Reinforcement learning is a Machine learning algorithm that aims to maximize some long-term reward. Having been trained with initial data, these algorithms begin by trying various actions, observing the resulting rewards from these actions, and then learning to improve their efforts accordingly. The critical point here is that these algorithms are not programmed to execute any pre-determined strategy-they know on their own.

Pre-defined Inventory policies do not constrain the reinforcement learning based Inventory planning algorithm

Because the world is not Black or White, remember that some additional aspects were incorporated in Inventory models to account for variability-for example, lead time variability. However, we then apply standard approaches to calculate the variability (Standard Deviation, assuming a Normal distribution, etc.), making the idea mute.

The excitement around Big Data is primarily because, given the right capabilities, every data point can be a contributor. A reinforcement learning-based Inventory planning algorithm will be able to do precisely that. So we end up with the following:

1. There is no need to create rigid product groups; each product’s unique characteristics can be analyzed and incorporated by the algorithm. However, suppose computational power and other resources are a constraint. In that case, the algorithm can group products as well, based on various characteristics that go beyond the brute force approach of creating product groups.
2. No need to assign a pre-defined Inventory policy  (like (s, S),(S,q), etc.). The model will decide based on millions (or maybe trillions) of values it analyzes. It will maintain inventory levels at the SKU level or Product groups based on numerous input parameters. For each parameter, we feed it a gigantic amount of data, both historical and projections.

The reality of developing and implementing realistic solutions

Now comes the problematic part-how realistic is it to create and implement something like this?

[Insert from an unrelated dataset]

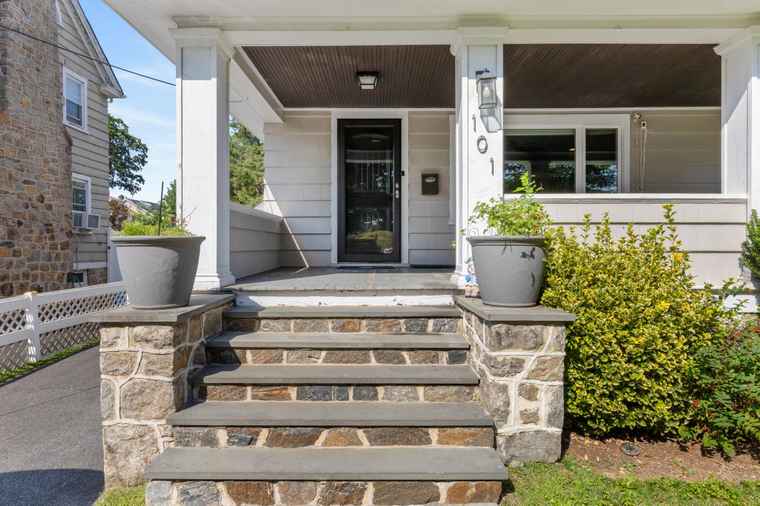Photo of 101 Lispenard Ave New Rochelle, NY 10801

The critical point is that this will be a customized solution. Whether you need to invest in a capability like this or not depends on a few aspects like (not an exhaustive list):

1. Your product portfolio: There are several standardized approaches to Determining what type of products your portfolio has. If your SKUs have very predictable demand, you make to stock, and the variability and unpredictability in your business model are minimum, you probably can keep leveraging the Off-the-shelf tools
2. Size of your business: Investing resources into developing and implementing something of this scale can be daunting. Initial investments can be huge. And since these algorithms will take time to learn, there needs to be realistic expectations on the initial ROI. These factors make such solutions more compatible with large organizations willing and capable of investing time and money.
3. Infrastructure: Let us be honest about this-your IT Infrastructure matters a lot as far as implementing any Machine learning algorithms goes. It is not just about computing power but a plethora of other IT-related capabilities like Data quality, the interconnectivity of systems, actual data flows, etc. Having a solid technology is one of the foundational aspects of implementing Machine learning tools, so if you believe you are not there yet, take care of this aspect before moving on to the next milestone.
4. Processes: Systems are built around processes (specifically, customized systems). You don’t want to make an infrastructure around processes that are broken. If your procurement or Inventory management methods are subpar, your focus should be business process re-engineering before you start modernizing/rebuilding systems around the processes.
5. Talent pool: One of the most critical aspects is having the correct type of talent that can support these future tools. The right kind of talent does not mean more data scientists. It means that the end users are techno-savvy enough to understand what the tool is doing, how they can influence the algorithm to make it “learn,” etc.

The Road ahead

My perspective is that it is high time we think beyond the archaic Inventory management systems that have bogged down the advanced in Inventory planning analytics so far. The technology and talent to support such an initiative is in place now-is your organization game enough?